::: Dataset records :::

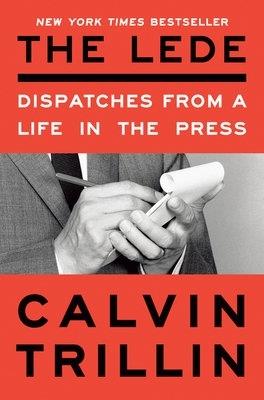 The Lede: Dispatches from a Life in the Press - Calvin Trillin - cover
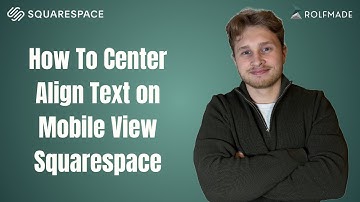 How To Center Align Text Mobile View Squarespace (2025)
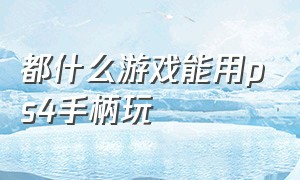 都什么游戏能用ps4手柄玩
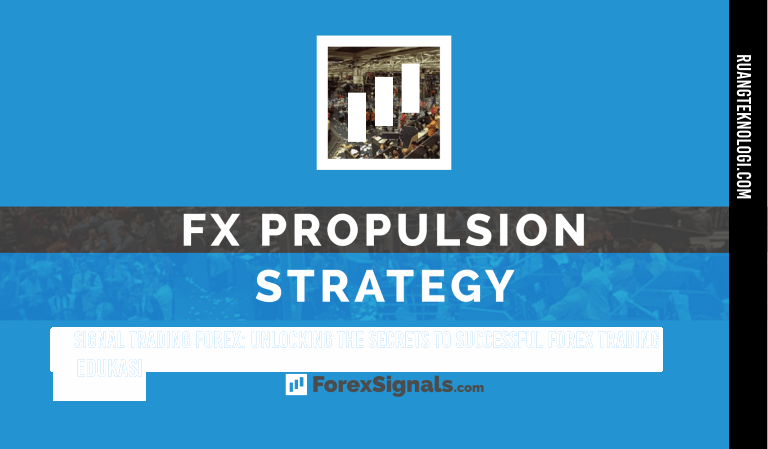 FX Propulsion Strategy™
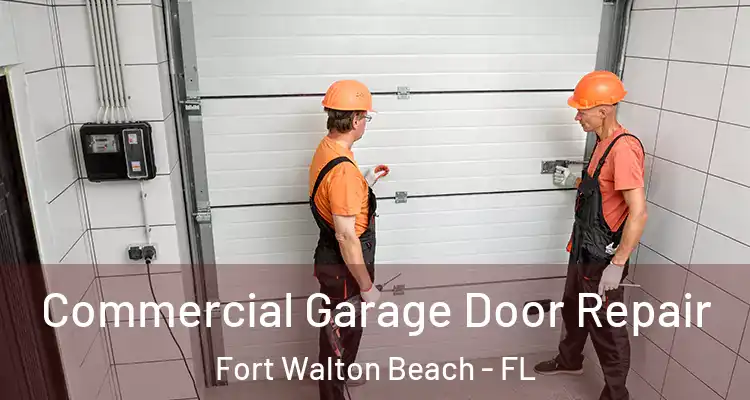  Commercial Garage Door Repair Fort Walton Beach - FL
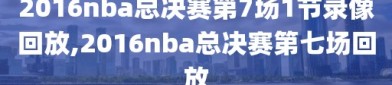 2016nba总决赛第7场1节录像回放,2016nba总决赛第七场回放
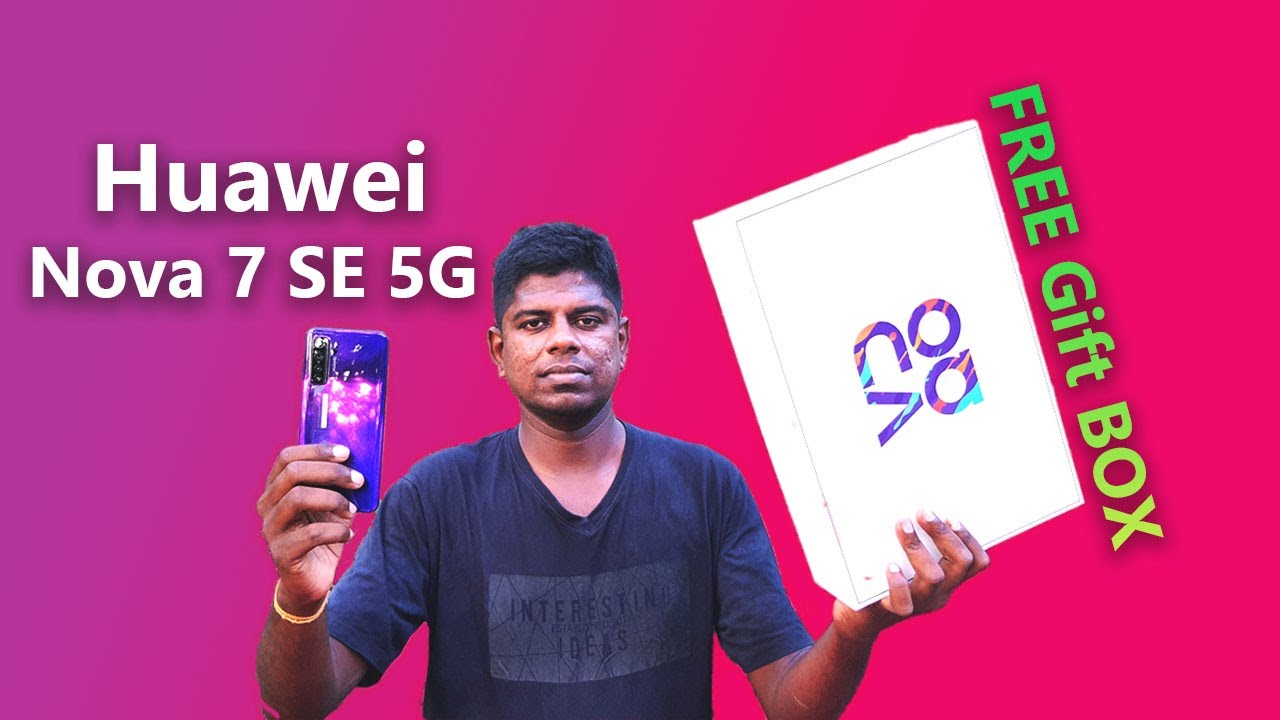 🎁 GIFT BOX with Huawei nova 7 SE 5G unboxing in tamil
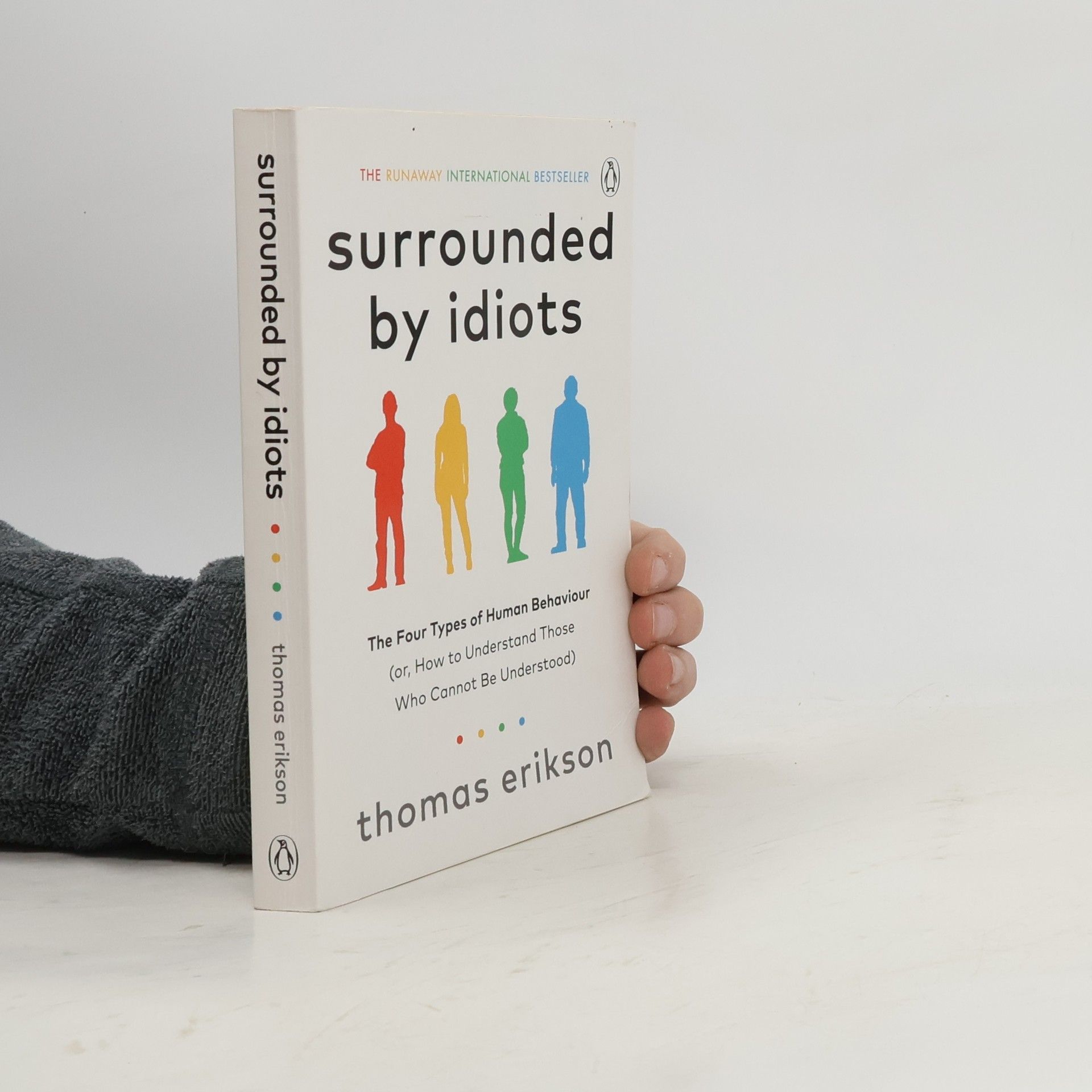 Thomas Erikson Surrounded by Idiots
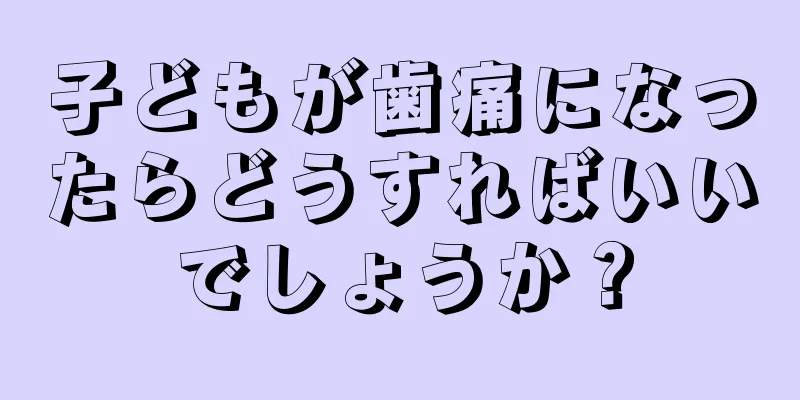 子どもが歯痛になったらどうすればいいでしょうか？
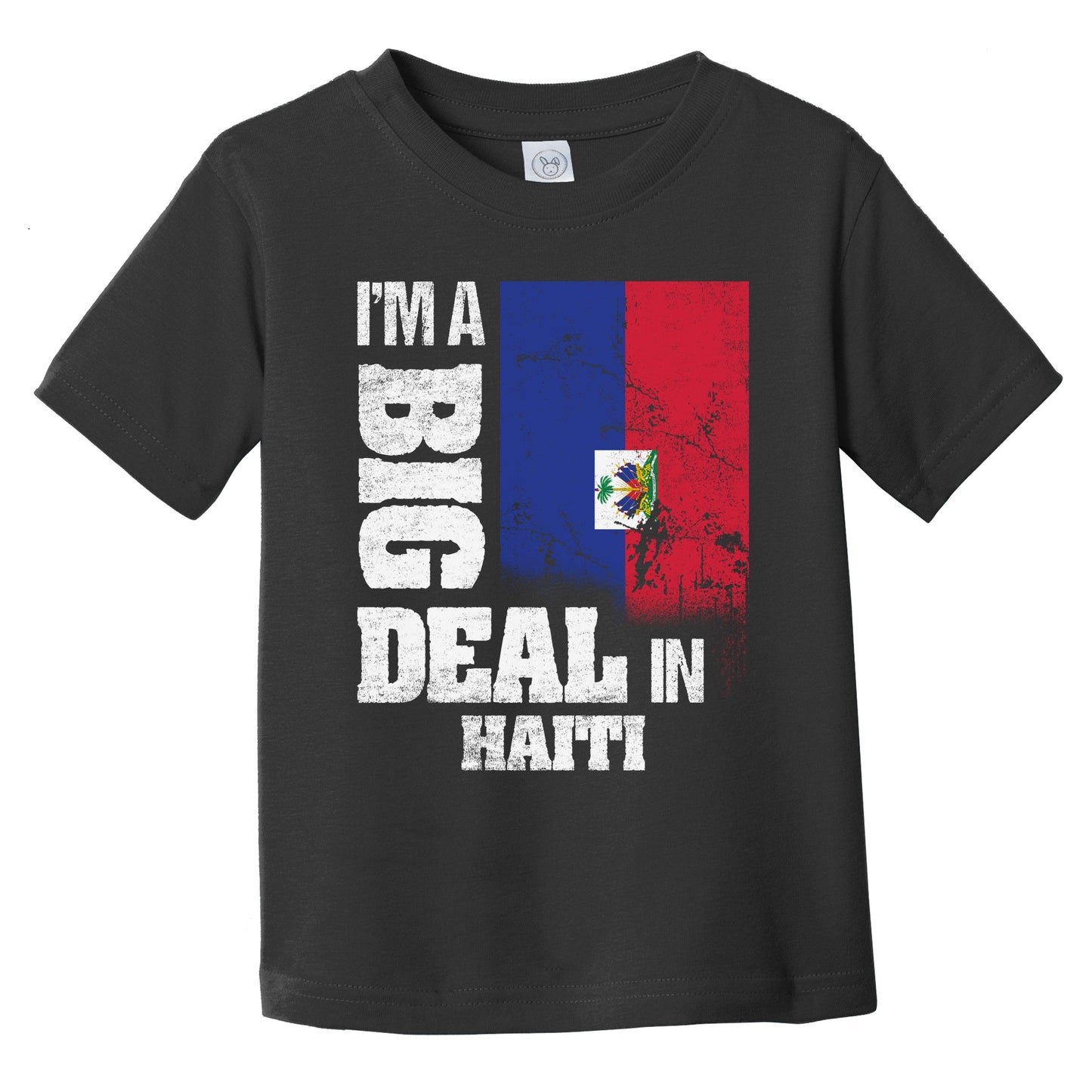 I'm A Big Deal In Haiti Funny Haitian Flag Infant Toddler T-Shirt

:::

What you need to do: Write out all the entries word for word, but skip any images.

Task solution:
 The Lede: Dispatches from a Life in the Press - Calvin Trillin - cover
 How To Center Align Text Mobile View Squarespace (2025)
 都什么游戏能用ps4手柄玩
 FX Propulsion Strategy™
  Commercial Garage Door Repair Fort Walton Beach - FL
 2016nba总决赛第7场1节录像回放,2016nba总决赛第七场回放
 🎁 GIFT BOX with Huawei nova 7 SE 5G unboxing in tamil
 Thomas Erikson Surrounded by Idiots
 子どもが歯痛になったらどうすればいいでしょうか？
 I'm A Big Deal In Haiti Funny Haitian Flag Infant Toddler T-Shirt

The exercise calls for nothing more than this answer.